Stored dataset items
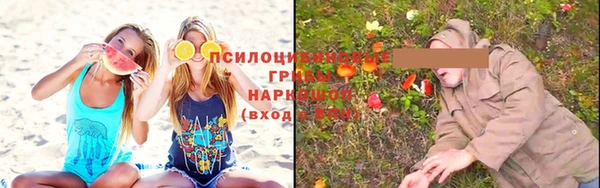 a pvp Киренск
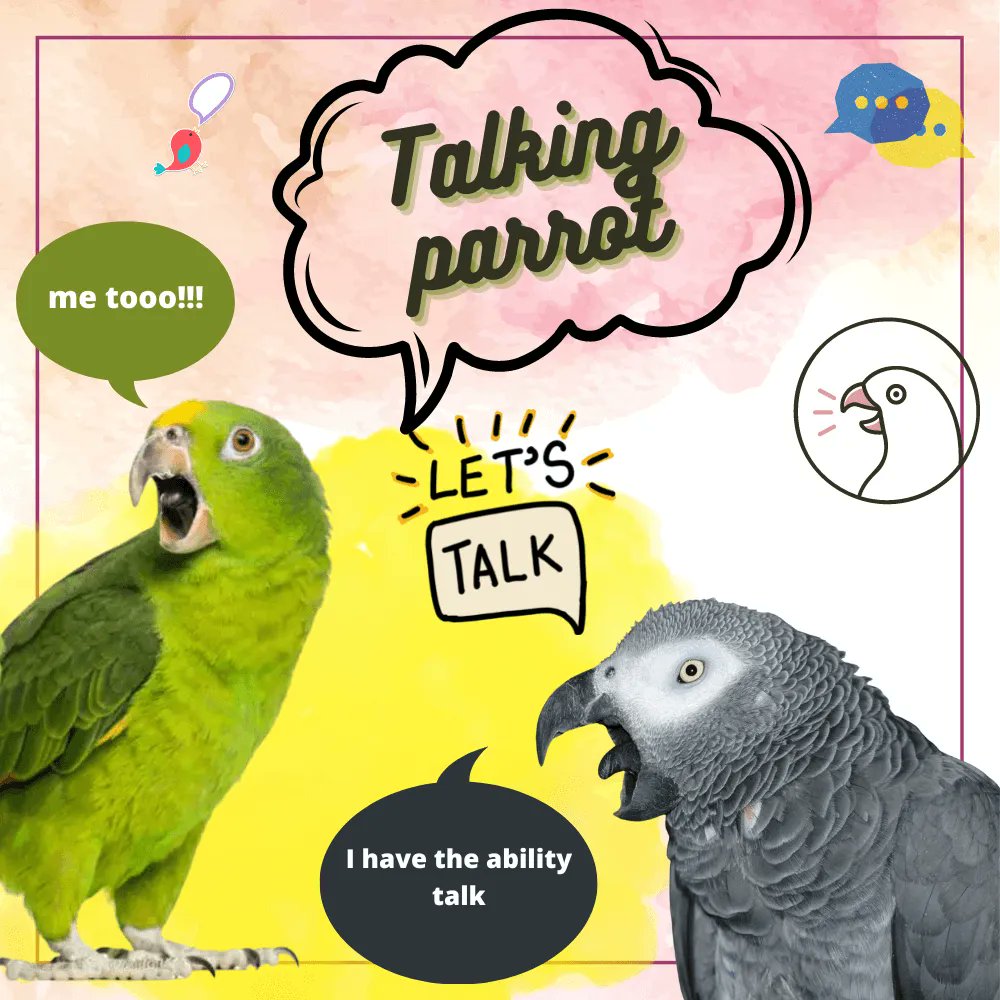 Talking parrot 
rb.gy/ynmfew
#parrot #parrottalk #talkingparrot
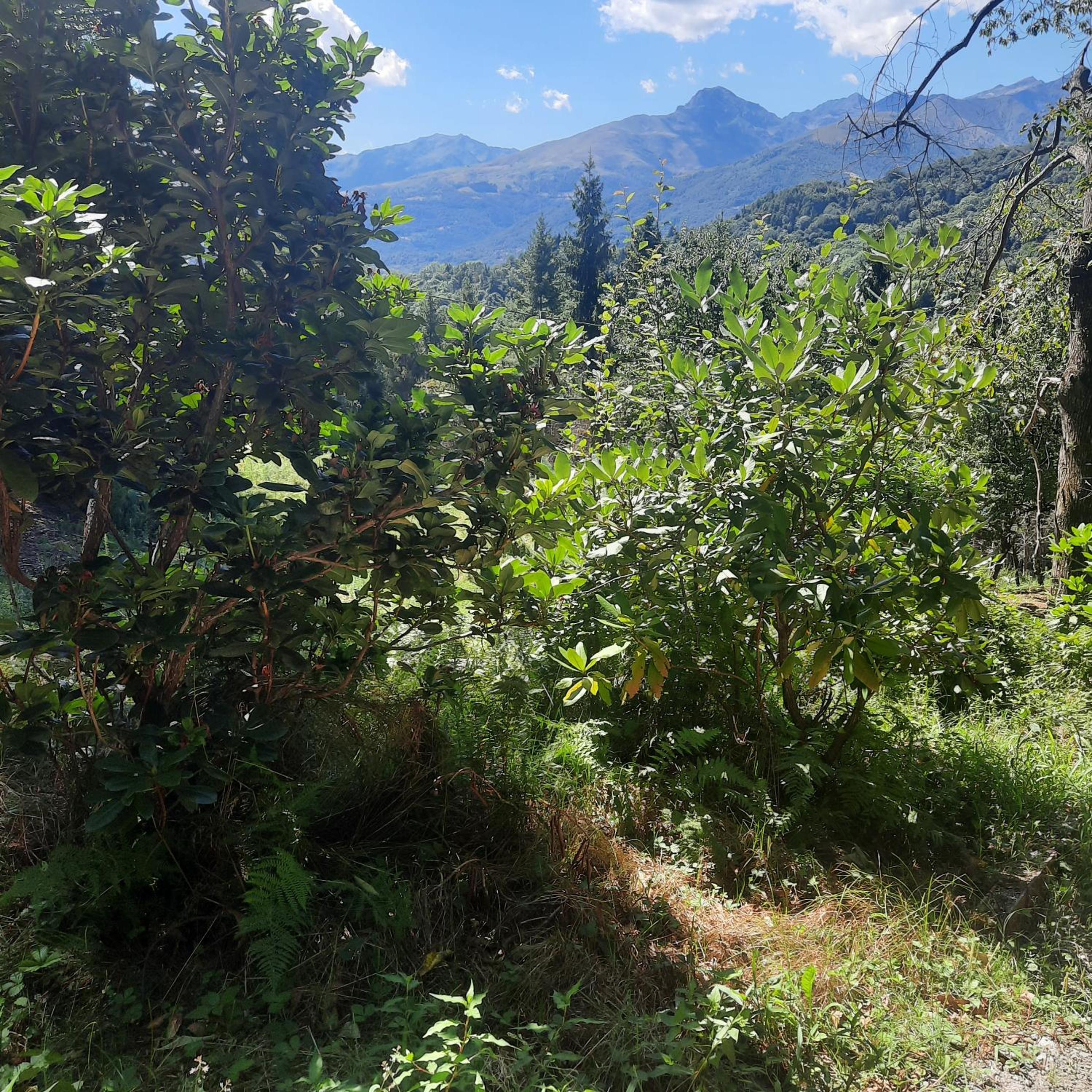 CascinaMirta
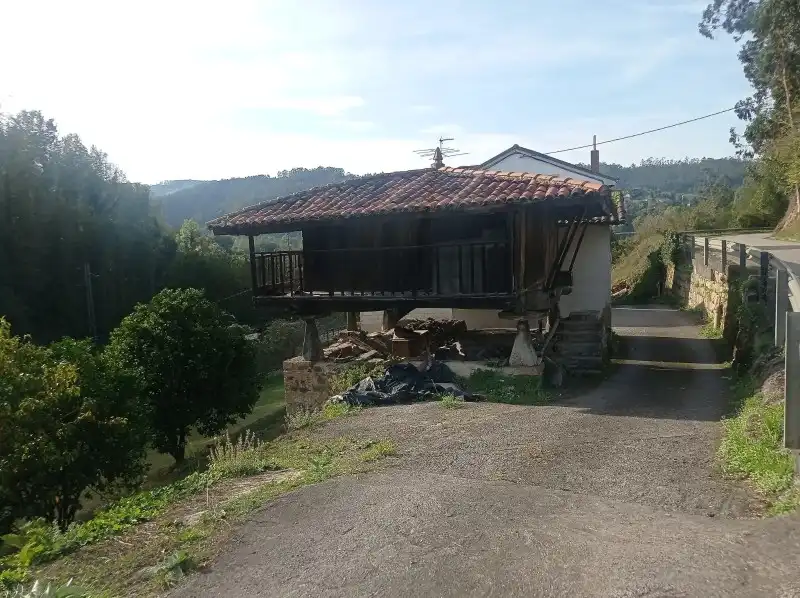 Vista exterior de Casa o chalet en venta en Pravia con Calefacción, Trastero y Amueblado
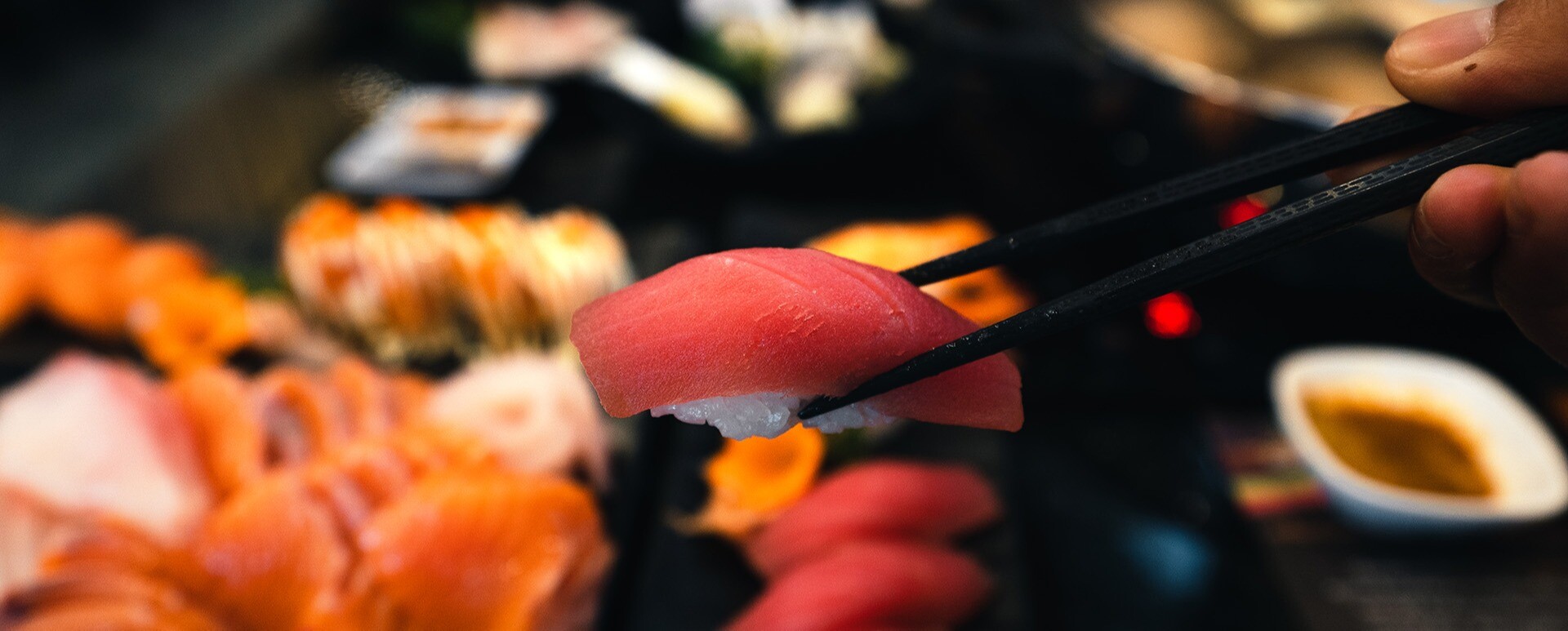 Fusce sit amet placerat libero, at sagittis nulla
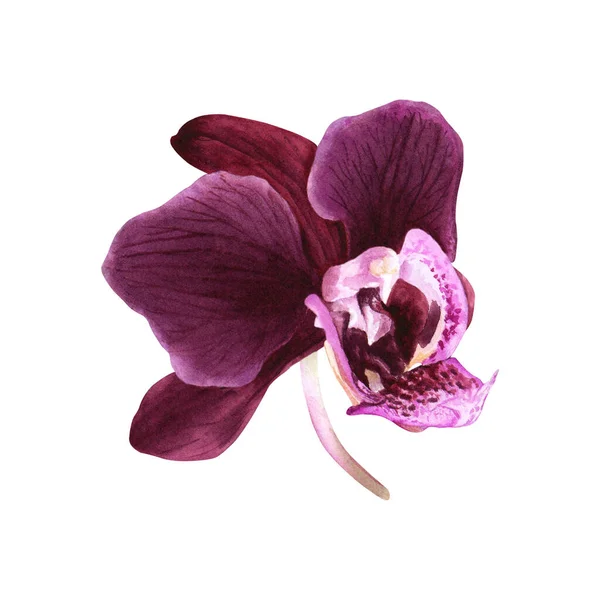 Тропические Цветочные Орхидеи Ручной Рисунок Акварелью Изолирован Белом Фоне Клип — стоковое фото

* * *

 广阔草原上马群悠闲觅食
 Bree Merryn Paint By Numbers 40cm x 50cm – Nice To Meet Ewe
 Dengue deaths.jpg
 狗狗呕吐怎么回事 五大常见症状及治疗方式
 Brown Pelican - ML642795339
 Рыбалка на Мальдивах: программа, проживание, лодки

### PROBLEM REQUIREMENTS
What are the lines in the records above, word for word, from the one containing "#parrot #parrottalk #talkingparrot" through the one containing "Тропические Цветочные Орхидеи", both ends included and pictures left out?

### EXPECTED OUTPUT
#parrot #parrottalk #talkingparrot
 CascinaMirta
 Vista exterior de Casa o chalet en venta en Pravia con Calefacción, Trastero y Amueblado
 Fusce sit amet placerat libero, at sagittis nulla
 Тропические Цветочные Орхидеи Ручной Рисунок Акварелью Изолирован Белом Фоне Клип — стоковое фото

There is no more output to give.